The first few hydrostatics that must be checked before a ship enters a dry dock are:

• Forward draft.
• Aft draft.
• Longitudinal Center of Buoyancy.
• Moment to Change Trim by 1cm.
• Center of Gravity.
• Longitudinal Center of Floatation.
• Transverse metacenter.

Since it is not preferred to provide the information in an easily obtainable manner, a tabular form of hydrostatic data is more preferable than the curves.

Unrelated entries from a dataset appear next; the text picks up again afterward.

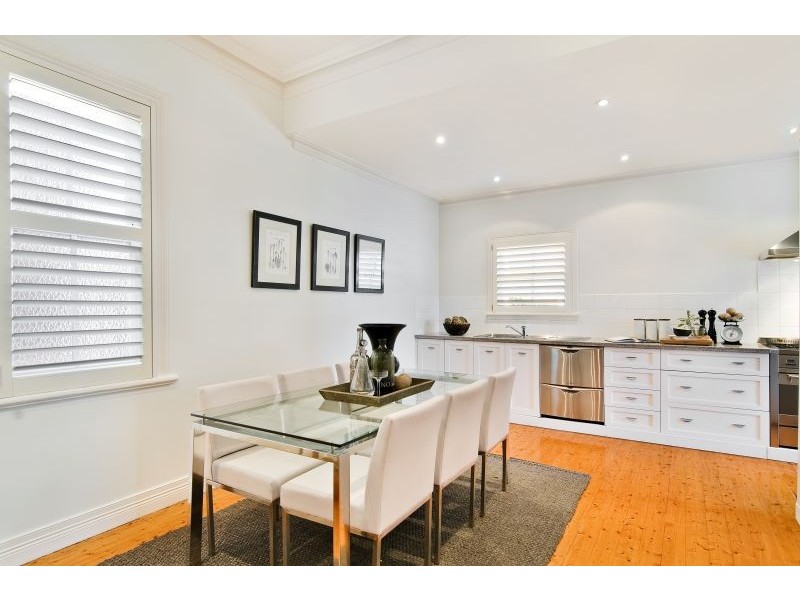 97 Bellevue Street, Cammeray NSW 2062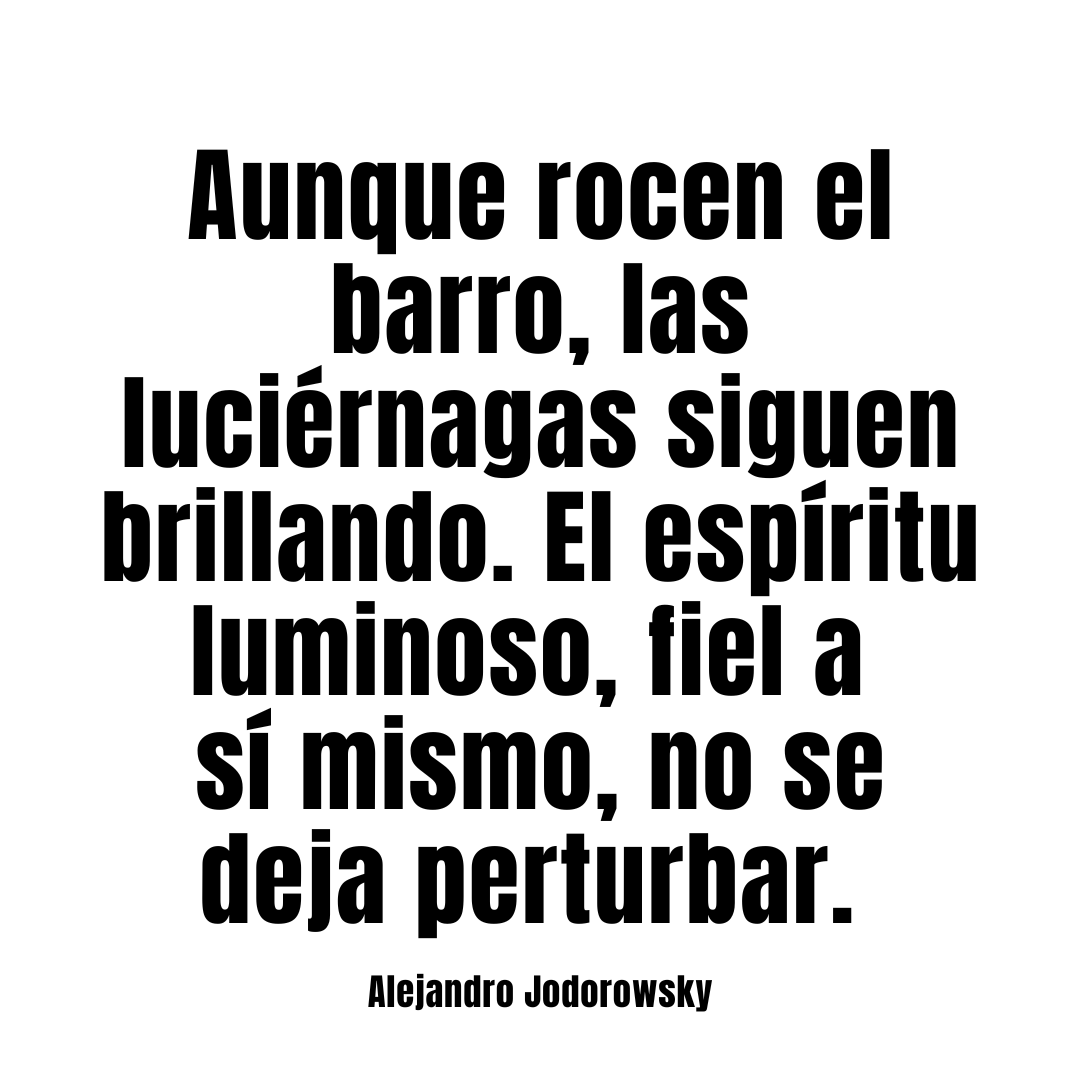 Alejandro Jodorowsky tweet media
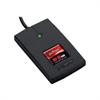 RF Ideas pcProx Enroll HID - proximity reader - USB RDR-6081APU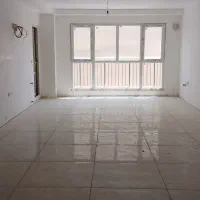 فروش-آپارتمان-اداری-بر-بلوار-رحمت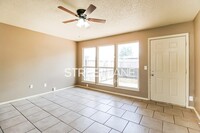 1509 Corbin Dr photo'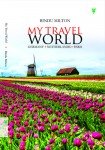 My Travel World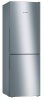 Bosch külmik KGV332LEA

In case of intermediate values, interpolation methods are used, and then tallied with the curves.

• Docking Drawing – Elevation View:

The elevation view of the docking drawing gives the following information:

• Location of the Longitudinal Reference Point (LRP), i.e. the point from which all the longitudinal dimensions are measured.
• Location of Aft Perpendicular and Forward Perpendicular.
• Location of the end of skeg.
• Frame spacing.
• Longitudinal clearance required for removal of shaft.
• Longitudinal clearance required for removal of rudder.
• Location of draft marks along the ship.
• Location of the first and last keel blocks.

• Docking Drawing – Plan View:

The plan view would show the location of the keel blocks along the centerline of the ship. Most large ships with wide beam are also placed on a series of side blocks, and the layout of the same is laid out in the plan view. The position of every hull opening and hull protrusions (both, above and below the waterline) are also marked in this drawing, in order to make sure they do not interfere with the dock blocks.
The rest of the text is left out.